# A Novel's Narrator's View of Sermons



## bookslover (Jun 25, 2007)

_There is, perhaps, no greater hardship at present inflicted on mankind in civilised and free countries, than the necessity of listening to sermons. No one but a preaching clergyman has, in these realms, the power of compelling an audience to sit silent, and be tormented. No one but a preaching clergyman can revel in platitudes, truisms, and untruisms, and yet receive, as his undisputed privilege, the same respectful demeanour as though words of impassioned eloquence, or persuasive logic, fell from his lips. Let a professor of law or physic find his place in a lecture-room, and there pour jejune words and useless empty phrases, and he will pour them forth to empty benches. Let a barrister attempt to talk without talking well, and he will talk but seldom. A judge's charge need be listened to per force by none but the jury, prisoner, and gaoler. A member of Parliament can be coughed down or counted out. Town-councillors can be tabooed. But no one can rid himself of the preaching clergyman. 

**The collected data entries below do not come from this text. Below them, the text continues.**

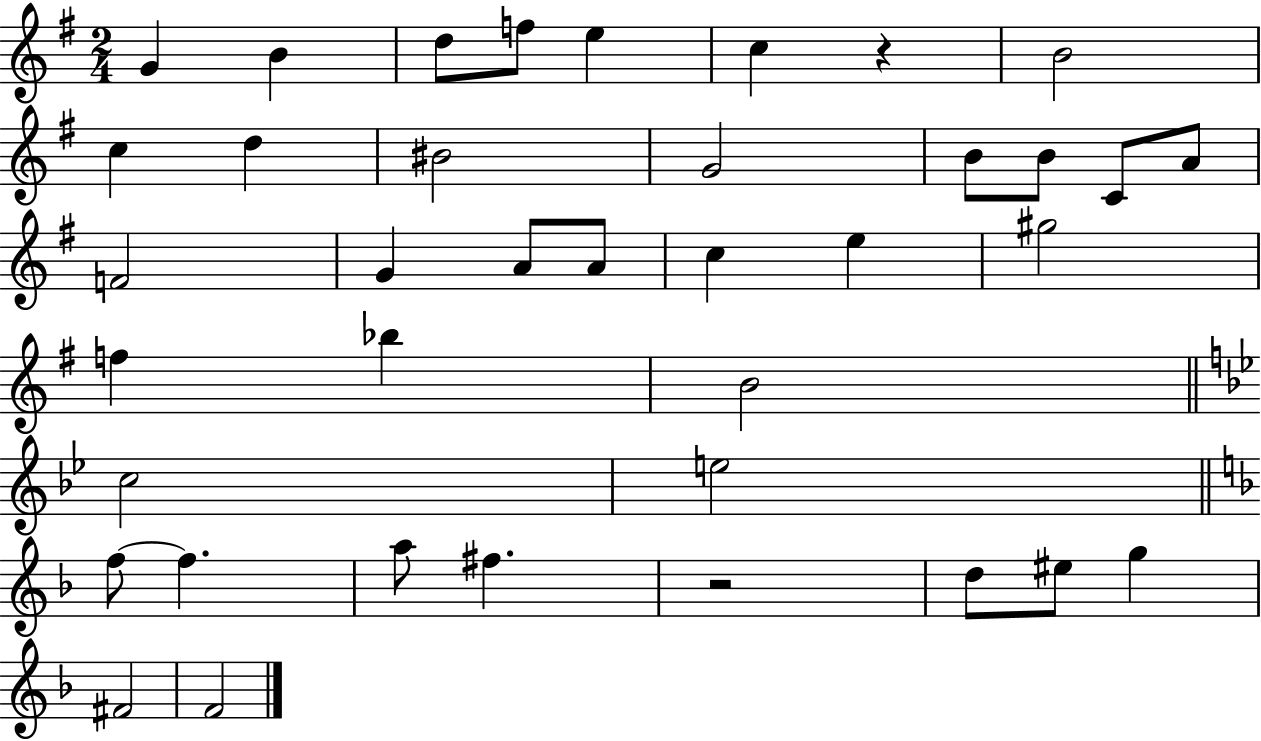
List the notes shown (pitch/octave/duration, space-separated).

G4/q B4/q D5/e F5/e E5/q C5/q R/q B4/h C5/q D5/q BIS4/h G4/h B4/e B4/e C4/e A4/e F4/h G4/q A4/e A4/e C5/q E5/q G#5/h F5/q Bb5/q B4/h C5/h E5/h F5/e F5/q. A5/e F#5/q. R/h D5/e EIS5/e G5/q F#4/h F4/h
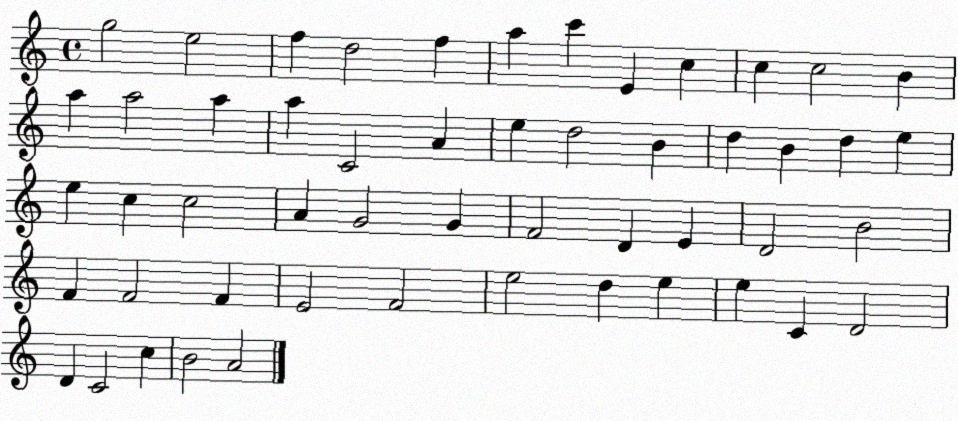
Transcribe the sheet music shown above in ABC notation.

X:1
T:Untitled
M:4/4
L:1/4
K:C
g2 e2 f d2 f a c' E c c c2 B a a2 a a C2 A e d2 B d B d e e c c2 A G2 G F2 D E D2 B2 F F2 F E2 F2 e2 d e e C D2 D C2 c B2 A2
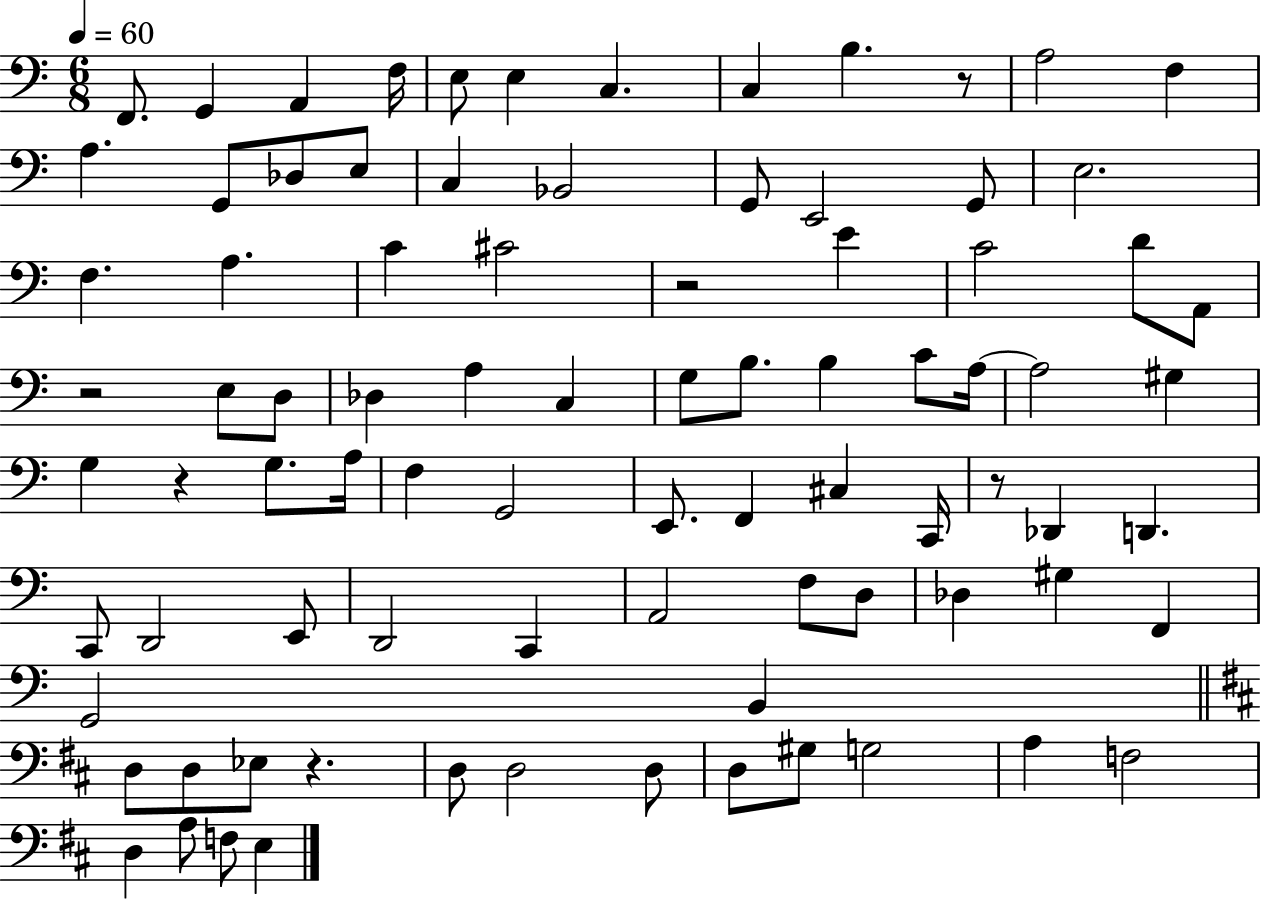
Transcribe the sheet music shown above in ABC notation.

X:1
T:Untitled
M:6/8
L:1/4
K:C
F,,/2 G,, A,, F,/4 E,/2 E, C, C, B, z/2 A,2 F, A, G,,/2 _D,/2 E,/2 C, _B,,2 G,,/2 E,,2 G,,/2 E,2 F, A, C ^C2 z2 E C2 D/2 A,,/2 z2 E,/2 D,/2 _D, A, C, G,/2 B,/2 B, C/2 A,/4 A,2 ^G, G, z G,/2 A,/4 F, G,,2 E,,/2 F,, ^C, C,,/4 z/2 _D,, D,, C,,/2 D,,2 E,,/2 D,,2 C,, A,,2 F,/2 D,/2 _D, ^G, F,, G,,2 B,, D,/2 D,/2 _E,/2 z D,/2 D,2 D,/2 D,/2 ^G,/2 G,2 A, F,2 D, A,/2 F,/2 E,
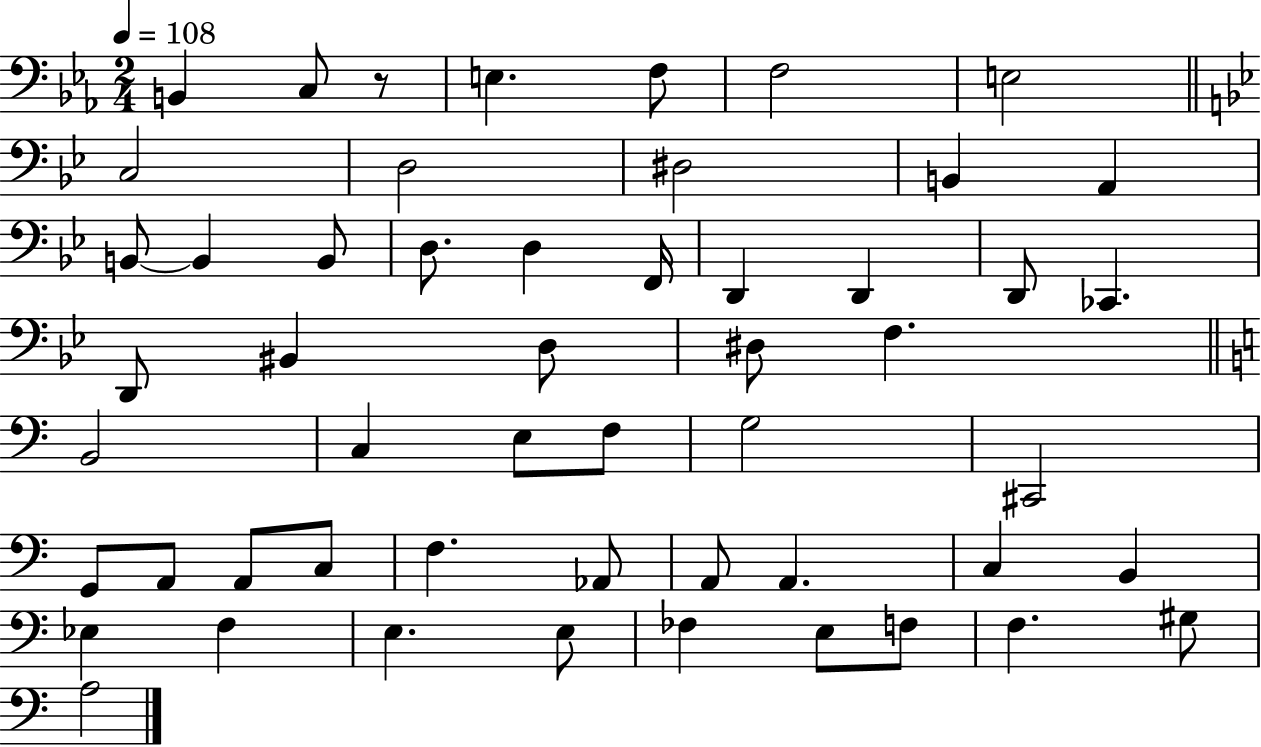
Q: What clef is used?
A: bass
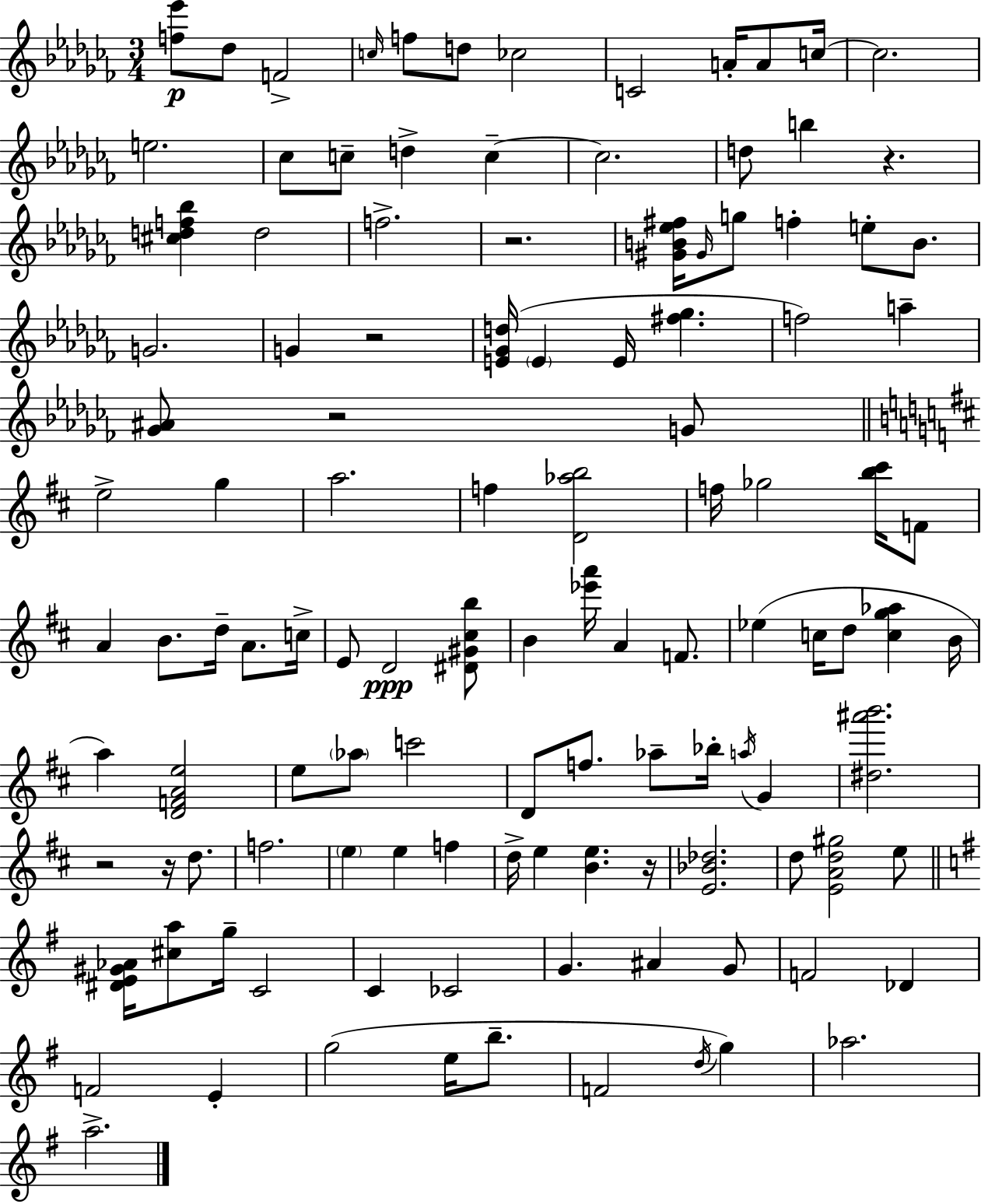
[F5,Eb6]/e Db5/e F4/h C5/s F5/e D5/e CES5/h C4/h A4/s A4/e C5/s C5/h. E5/h. CES5/e C5/e D5/q C5/q C5/h. D5/e B5/q R/q. [C#5,D5,F5,Bb5]/q D5/h F5/h. R/h. [G#4,B4,Eb5,F#5]/s G#4/s G5/e F5/q E5/e B4/e. G4/h. G4/q R/h [E4,Gb4,D5]/s E4/q E4/s [F#5,Gb5]/q. F5/h A5/q [Gb4,A#4]/e R/h G4/e E5/h G5/q A5/h. F5/q [D4,Ab5,B5]/h F5/s Gb5/h [B5,C#6]/s F4/e A4/q B4/e. D5/s A4/e. C5/s E4/e D4/h [D#4,G#4,C#5,B5]/e B4/q [Eb6,A6]/s A4/q F4/e. Eb5/q C5/s D5/e [C5,G5,Ab5]/q B4/s A5/q [D4,F4,A4,E5]/h E5/e Ab5/e C6/h D4/e F5/e. Ab5/e Bb5/s A5/s G4/q [D#5,A#6,B6]/h. R/h R/s D5/e. F5/h. E5/q E5/q F5/q D5/s E5/q [B4,E5]/q. R/s [E4,Bb4,Db5]/h. D5/e [E4,A4,D5,G#5]/h E5/e [D#4,E4,G#4,Ab4]/s [C#5,A5]/e G5/s C4/h C4/q CES4/h G4/q. A#4/q G4/e F4/h Db4/q F4/h E4/q G5/h E5/s B5/e. F4/h D5/s G5/q Ab5/h. A5/h.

He is the bore of the age, the old man whom we Sinbads cannot shake off, the nightmare that disturbs our Sunday's rest, the incubus that overloads our religion and makes God's service distasteful. We are not forced into church! No: but we desire more than that. We desire not to be forced away. We desire not to be forced to stay away. We desire, nay, we are resolute, to enjoy the comfort of the public worship; but we desire also that we may do so without an amount of tedium which ordinary human nature cannot endure with patience; that we may be able to leave the house of God, without that anxious longing for escape, which is the common consequence of common sermons.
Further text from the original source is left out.